• Action item:
So long as no pictures are carried over, output the records below exactly.
** Opening Data section block **
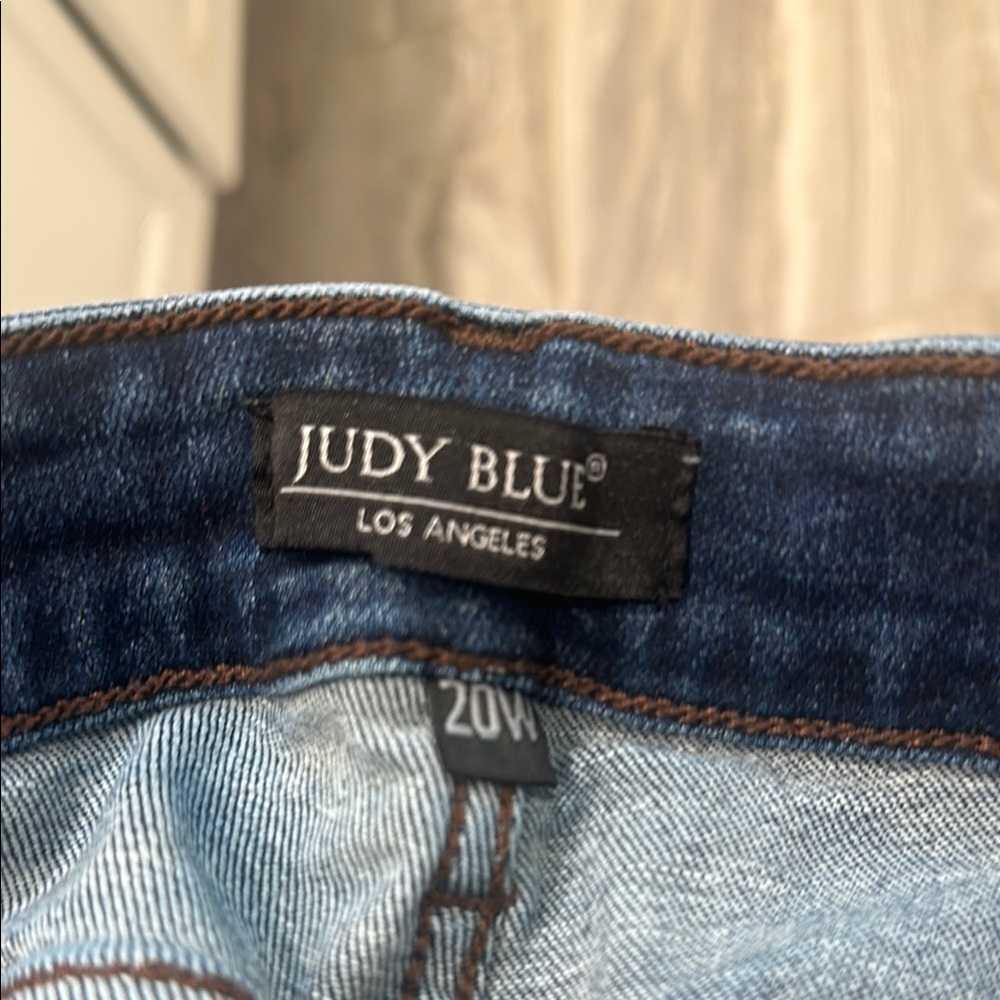 Judy Blue Medium Wash Straight Leg Jeans - Picture 2 of 2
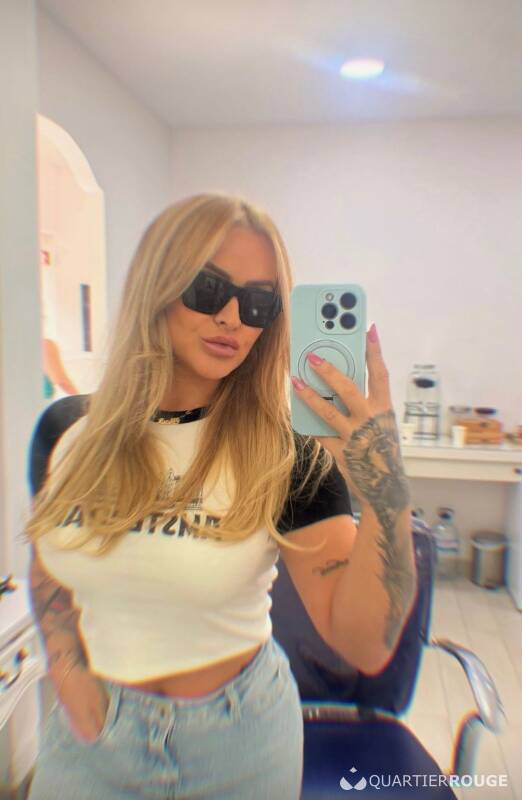 Kelly hot GFE (Photo)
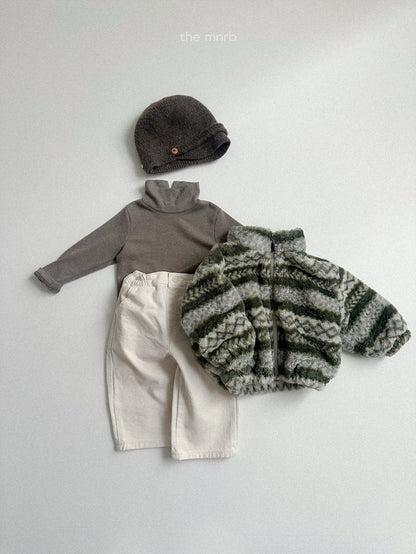 Rade button hat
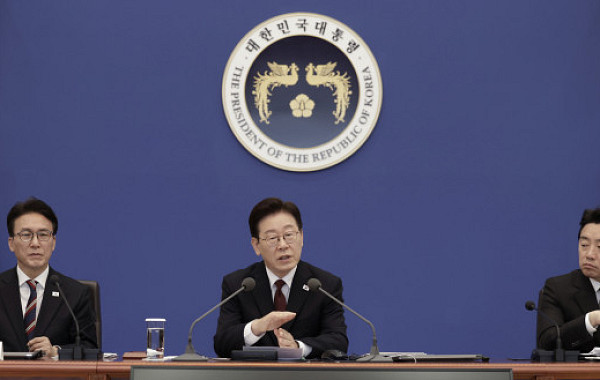 李대통령 "전기료 유지하지만, 손실 급증 우려…절약 동참해 달라"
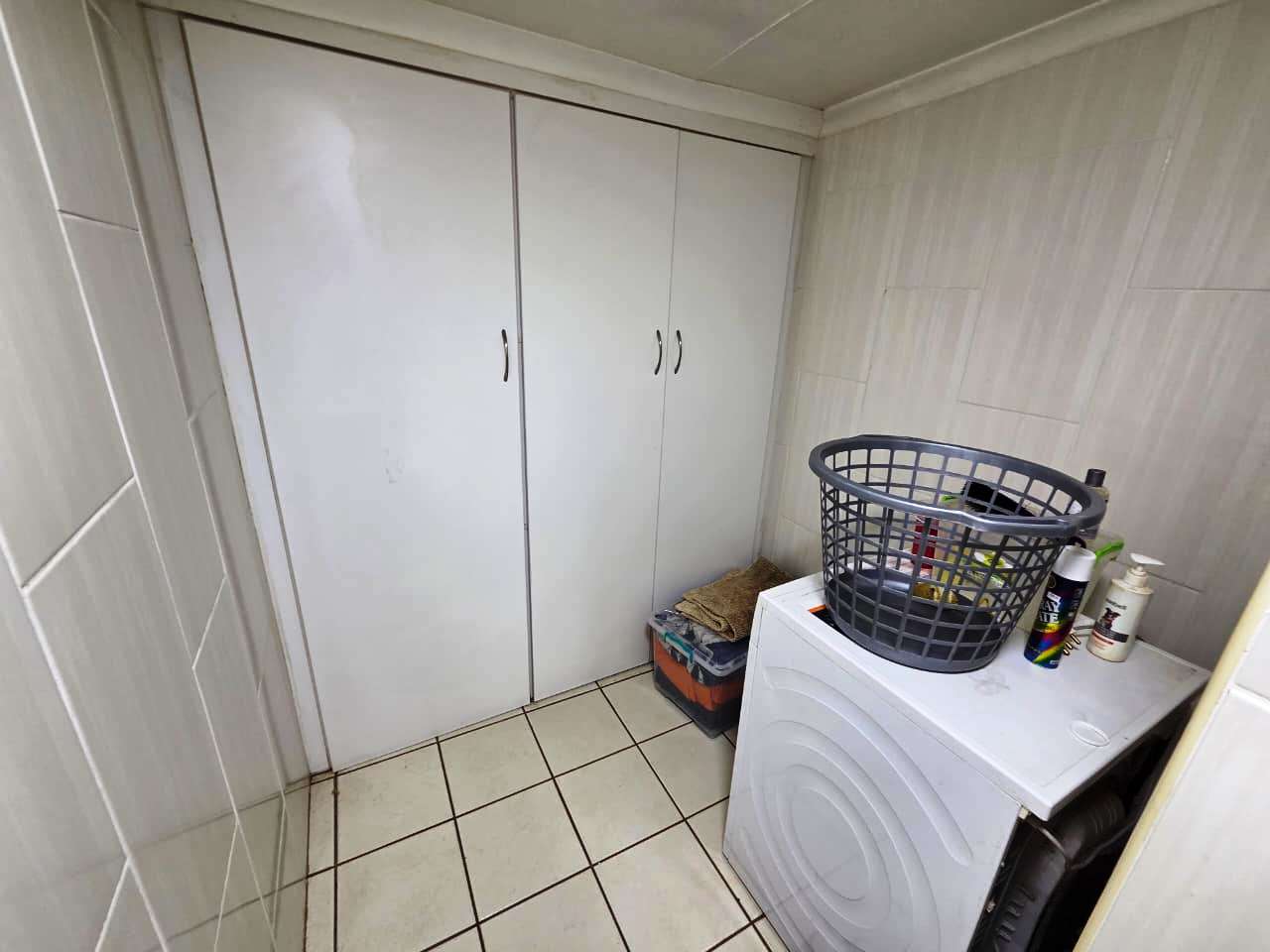 Spacious two bedroom for sale in Montana Tuine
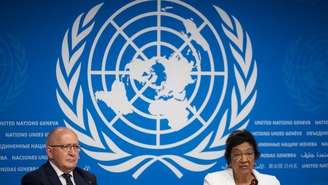 A presidente da Comissão Internacional Independente de Investigação da ONU sobre o território palestino ocupado, Navi Pillay (direita), ao lado de Chris Sidoti, integrante da comissão, durante coletiva de imprensa em Genebra nesta terça-feira 16 de setembro de 2025.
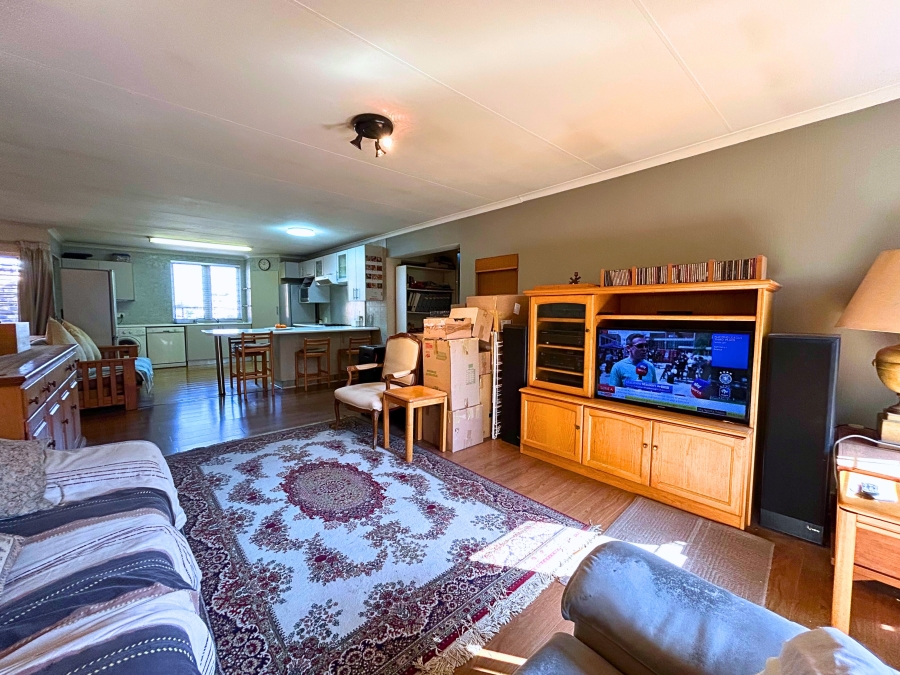 2 Bedroom Property for Sale in Die Hoewes Gauteng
** Closing Data section block **
• Solution for this task:
 Judy Blue Medium Wash Straight Leg Jeans - Picture 2 of 2
 Kelly hot GFE (Photo)
 Rade button hat
 李대통령 "전기료 유지하지만, 손실 급증 우려…절약 동참해 달라"
 Spacious two bedroom for sale in Montana Tuine
 A presidente da Comissão Internacional Independente de Investigação da ONU sobre o território palestino ocupado, Navi Pillay (direita), ao lado de Chris Sidoti, integrante da comissão, durante coletiva de imprensa em Genebra nesta terça-feira 16 de setembro de 2025.
 2 Bedroom Property for Sale in Die Hoewes Gauteng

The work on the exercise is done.